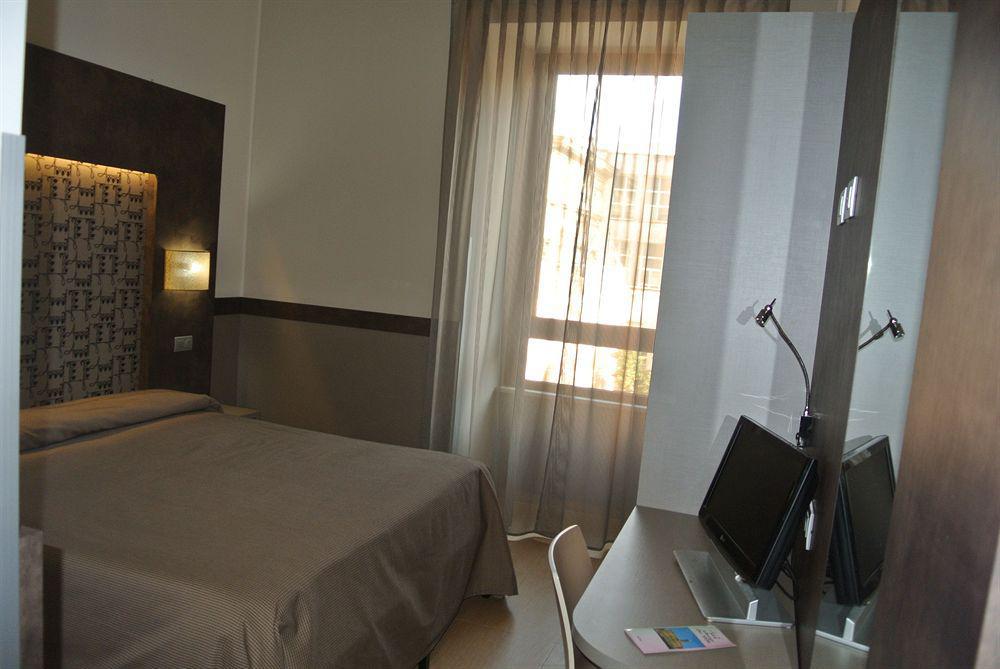 Hotel Dei Mille Rome Extérieur photo
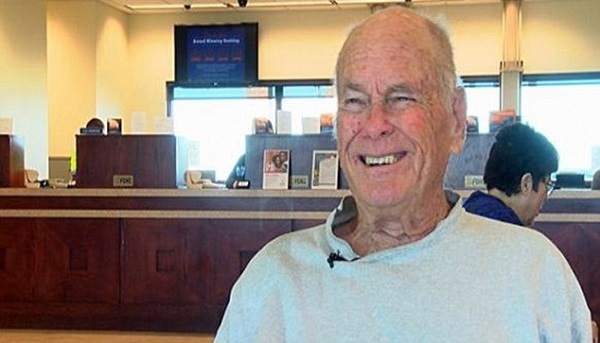 Cụ ông mang 81.600 đồng tiền xu nặng 225kg đi gửi tiết kiệm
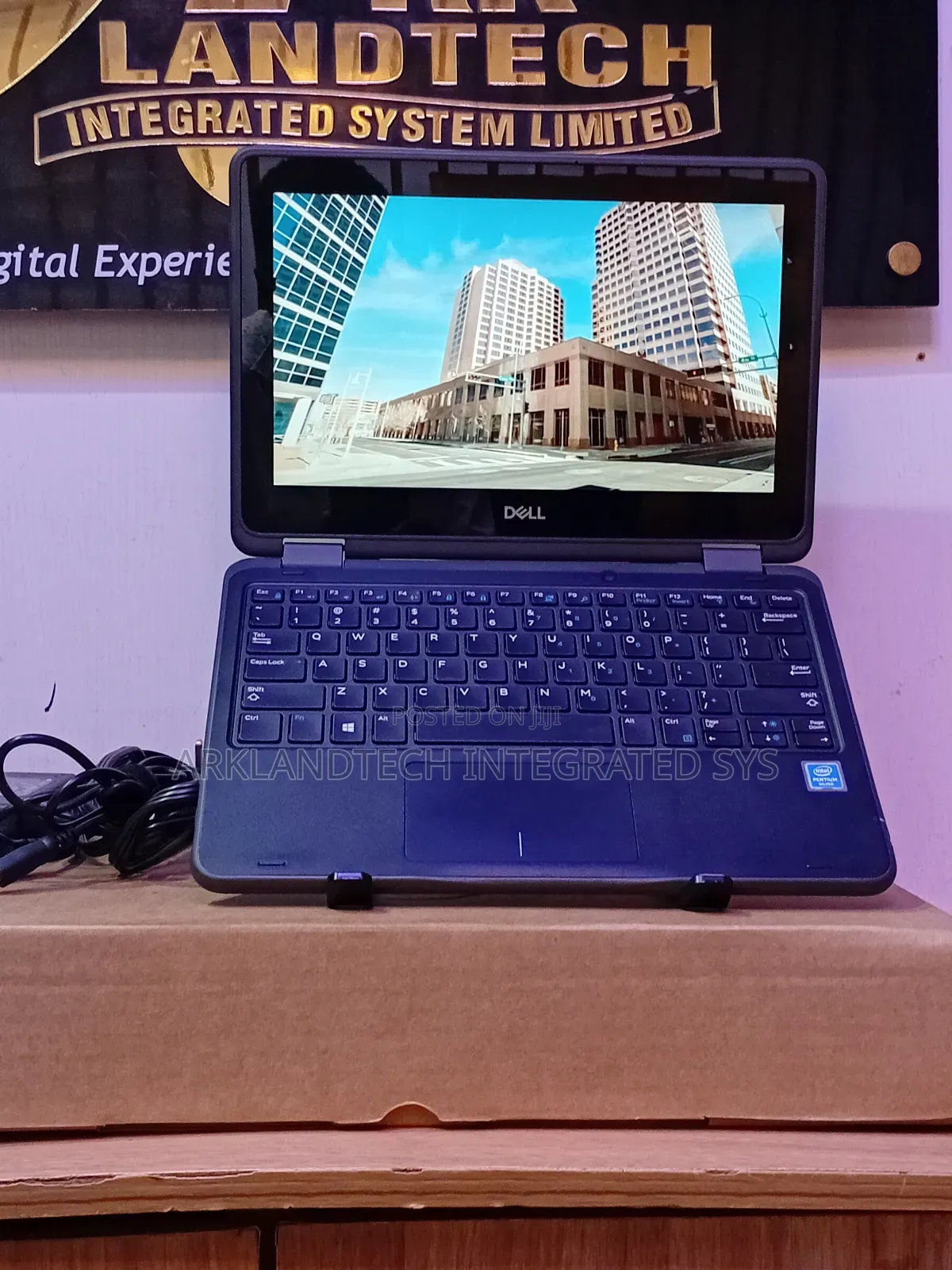 Laptop Dell Latitude 3590 8GB Intel Pentium SSD 128GB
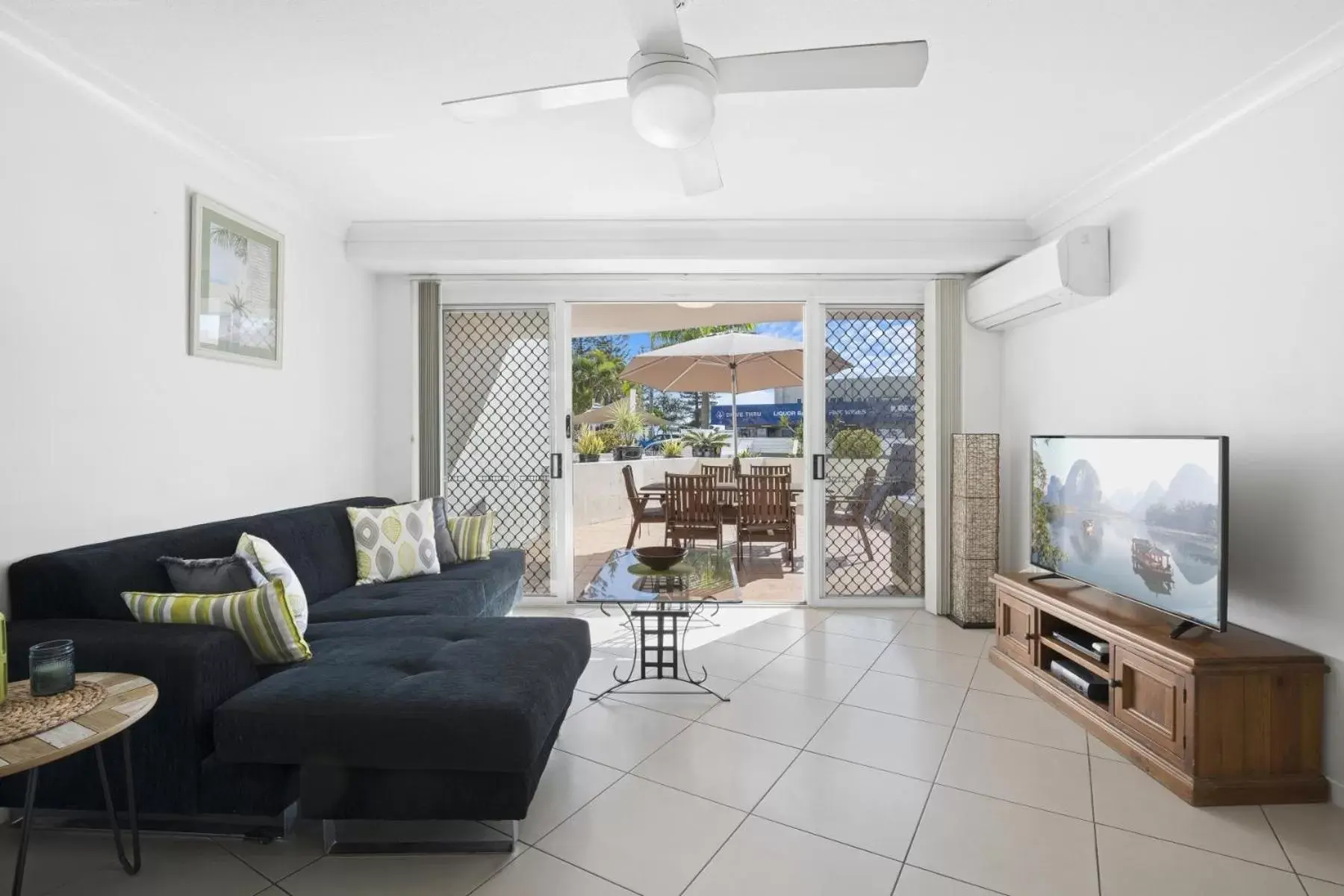 Living room, Seating Area in Kirra Palms Holiday Apartments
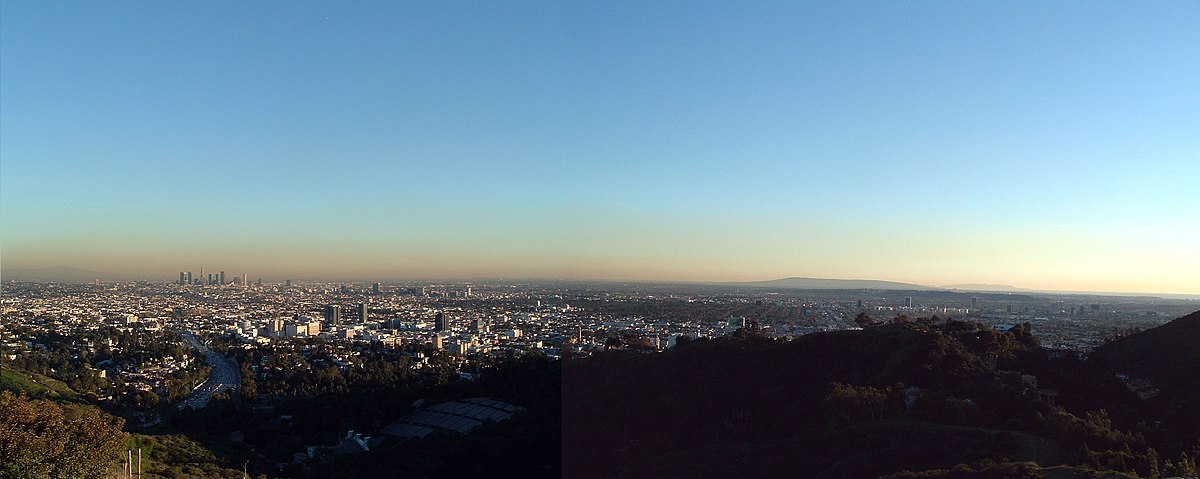 Los Angeles vue des hauteurs. On peut remarquer la présence de plusieurs quartiers d'affaires, symbolisés par la présence d'immeubles et de gratte-ciel, en plus du véritable centre historique, ce qui caractérise bien l'absence de véritable centre-ville à Los Angeles.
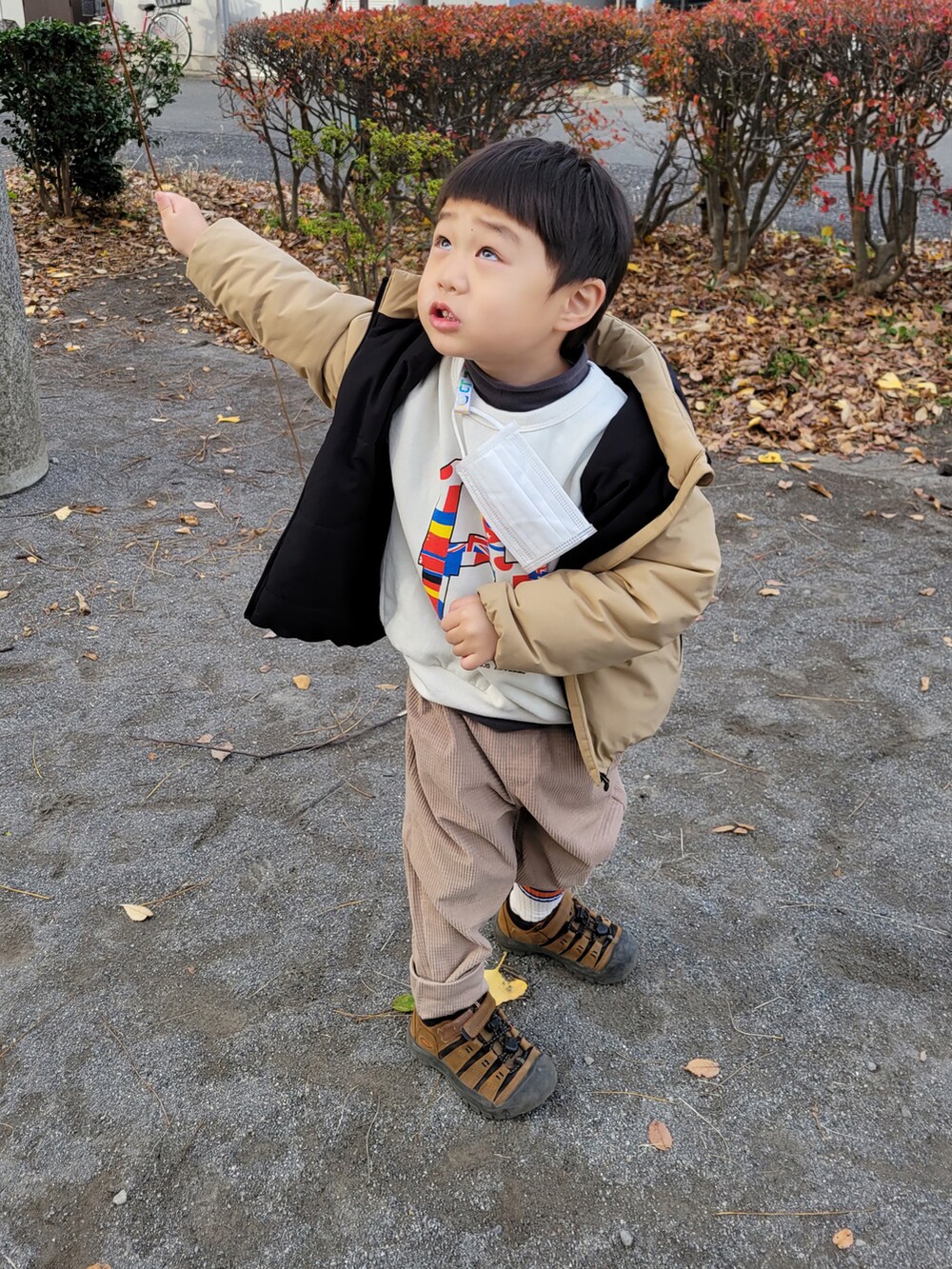 「国旗柄、4歳３ヶ月、秋冬コーデ、ハイネック、コーデュロイパンツ、国旗、THE NORTH FACE」｜「THE NORTH FACEのNYJ82030/GE INSULATION JK（その他アウター、ベージュ系）」を使った、haru☺︎さん（キッズ・100cm）の冬コーディネートの2枚目の写真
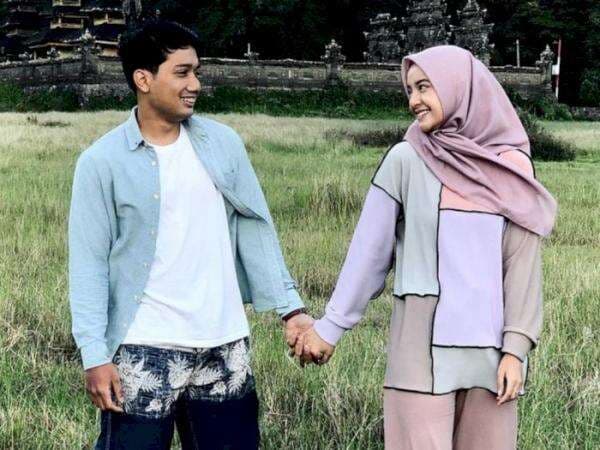 Nabila Ishma Pilu Unggah Foto Eril Gendong Kucing Saling Tatap-tatapan, Bikin Nyesek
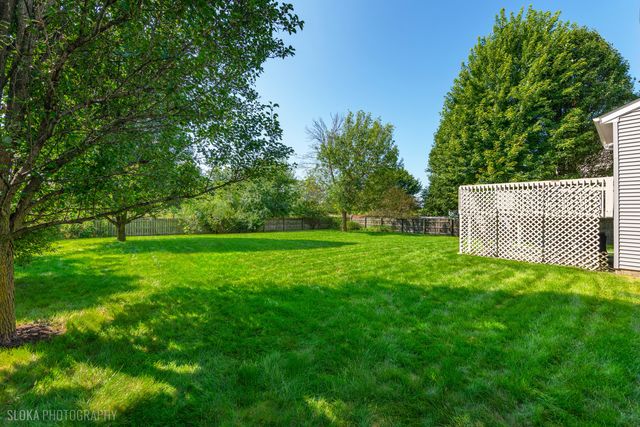 402 Hubbard Lane, Lake Villa, IL 60046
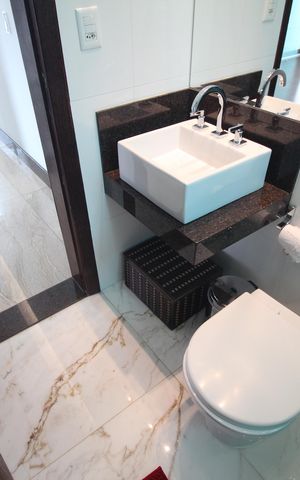 Casa para alugar com 322m², 4 quartos e 4 vagasBanheiro 1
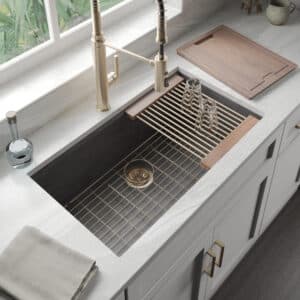 Pacifica Concierge 3319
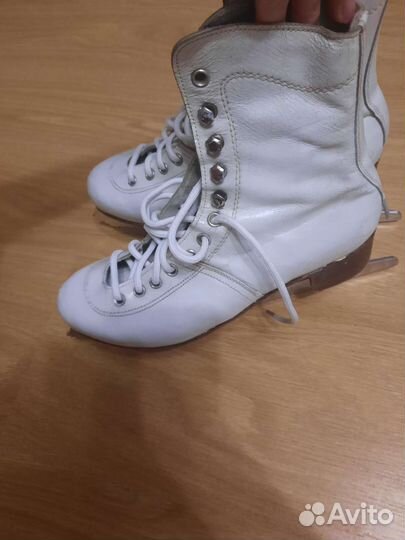 Коньки профессиональные 36 размер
☆ ☆ ☆
Everything from the line containing "Nabila Ishma Pilu" to the last line of the records above should be reproduced exactly, except the pictures.

• **Solved problem**
 Nabila Ishma Pilu Unggah Foto Eril Gendong Kucing Saling Tatap-tatapan, Bikin Nyesek
 402 Hubbard Lane, Lake Villa, IL 60046
 Casa para alugar com 322m², 4 quartos e 4 vagasBanheiro 1
 Pacifica Concierge 3319
 Коньки профессиональные 36 размер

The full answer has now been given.